About this exercise:
What's needed: every entry, printed exactly, minus the images.

Task inputs:

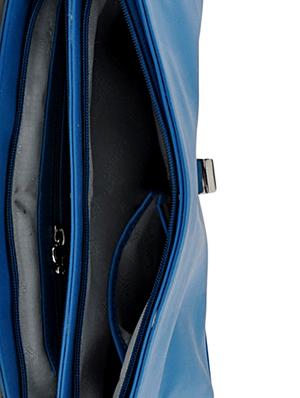 blue leatherette sling bag - 12379515 - Standard Image - 3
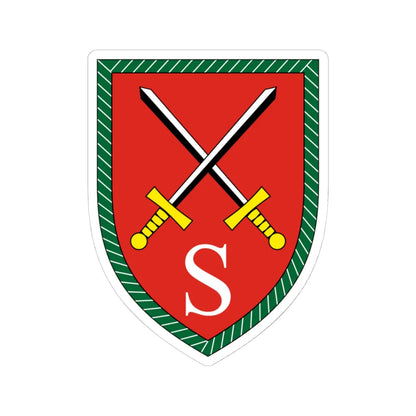 Luftlande- und Lufttransportschule Bundeswehr V2 (Germany) (Coat of Arms) STICKER Vinyl Kiss-Cut Decal 4 Inch White - The Sticker Space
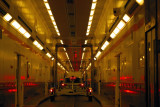 Tunnel train in Calais, France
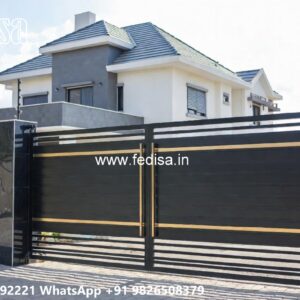 Simple Gate Design Under Budget Stainless Steel Main Gate Price No-11883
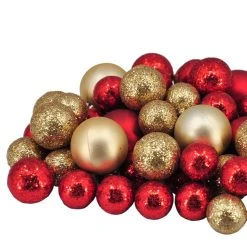 Buy 🛒 Glittery Red & Gold Decorative Ball Filler by Ashland® 🛒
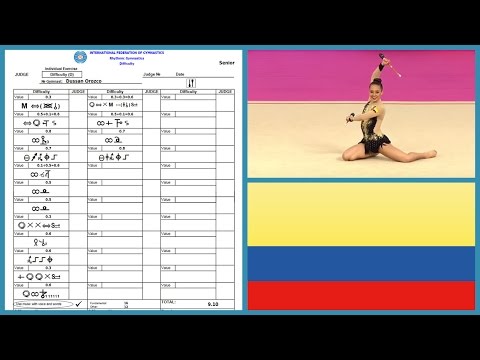 Lina Dussan Orozco Clubs 2016 Difficulty Symbols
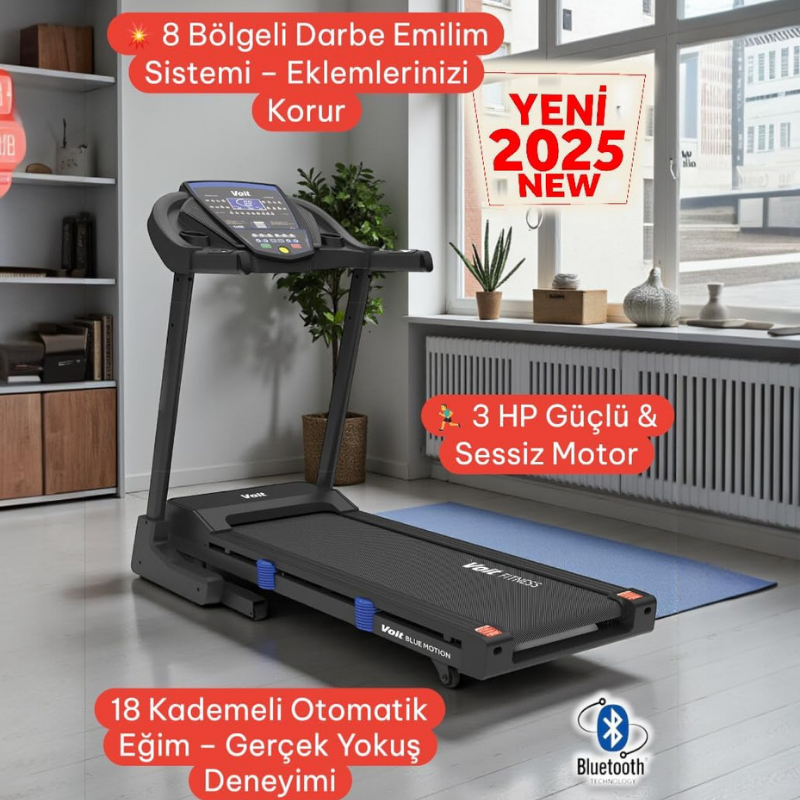 Voit Blue Motion New Otomatik Eğimli Koşu Bandı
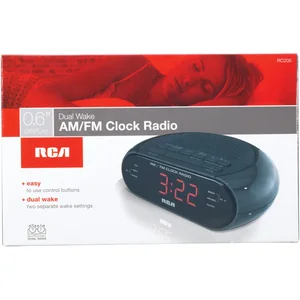 RC205A | Acer RCA Dual Alarm Clock Radio with Red LED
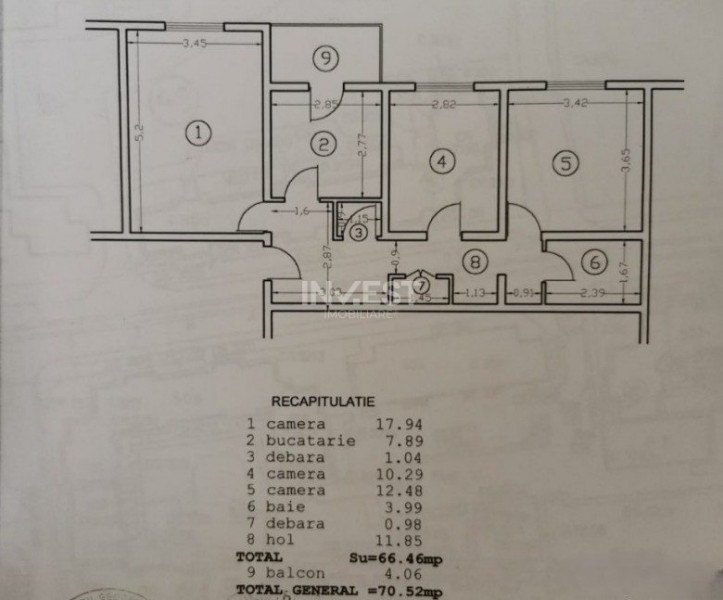 Apartament de vanzare, 3 camere, zona Canta - Scoala Elena Cuza, Iasi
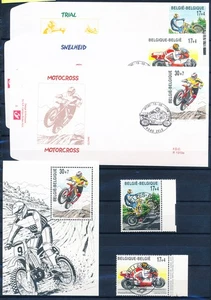 XE56628 Belgium 1999 motorcross bikes motorcycles FDC's used - Picture 1 of 1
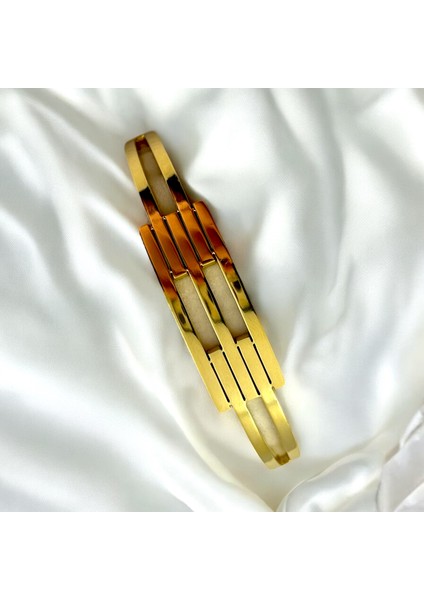 Kaburga Model Gold Çelik Kelepçe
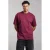 Aeden relaxed fit T-shirt met backprint – bordeaux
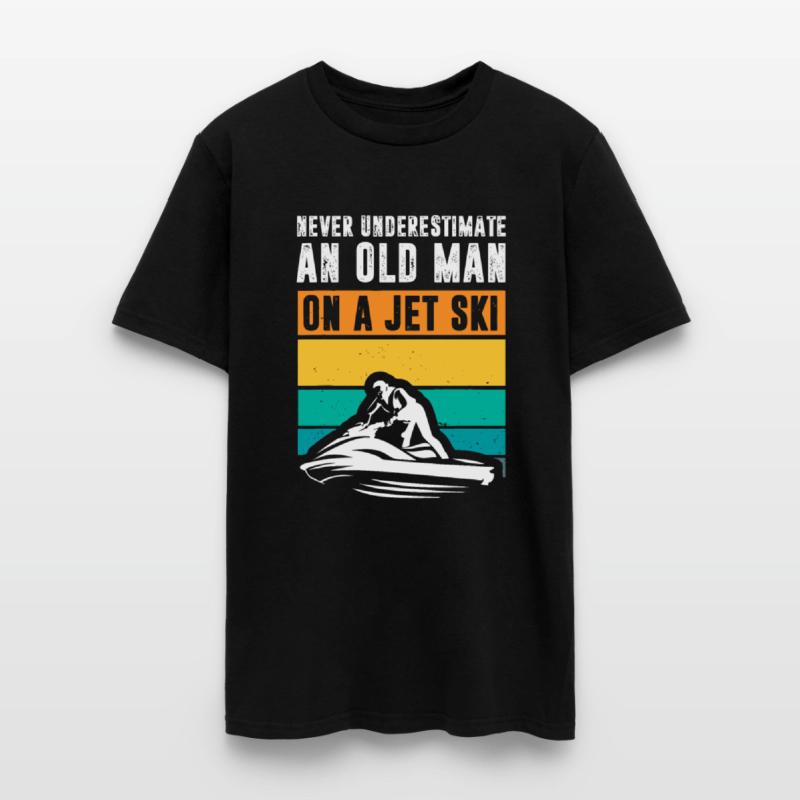 Never Underestimate An Old Man Water Sport Funny J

Answer section:
 blue leatherette sling bag - 12379515 - Standard Image - 3
 Luftlande- und Lufttransportschule Bundeswehr V2 (Germany) (Coat of Arms) STICKER Vinyl Kiss-Cut Decal 4 Inch White - The Sticker Space
 Tunnel train in Calais, France
 Simple Gate Design Under Budget Stainless Steel Main Gate Price No-11883
 Buy 🛒 Glittery Red & Gold Decorative Ball Filler by Ashland® 🛒
 Lina Dussan Orozco Clubs 2016 Difficulty Symbols
 Voit Blue Motion New Otomatik Eğimli Koşu Bandı
 RC205A | Acer RCA Dual Alarm Clock Radio with Red LED
 Apartament de vanzare, 3 camere, zona Canta - Scoala Elena Cuza, Iasi
 XE56628 Belgium 1999 motorcross bikes motorcycles FDC's used - Picture 1 of 1
 Kaburga Model Gold Çelik Kelepçe
 Aeden relaxed fit T-shirt met backprint – bordeaux
 Never Underestimate An Old Man Water Sport Funny J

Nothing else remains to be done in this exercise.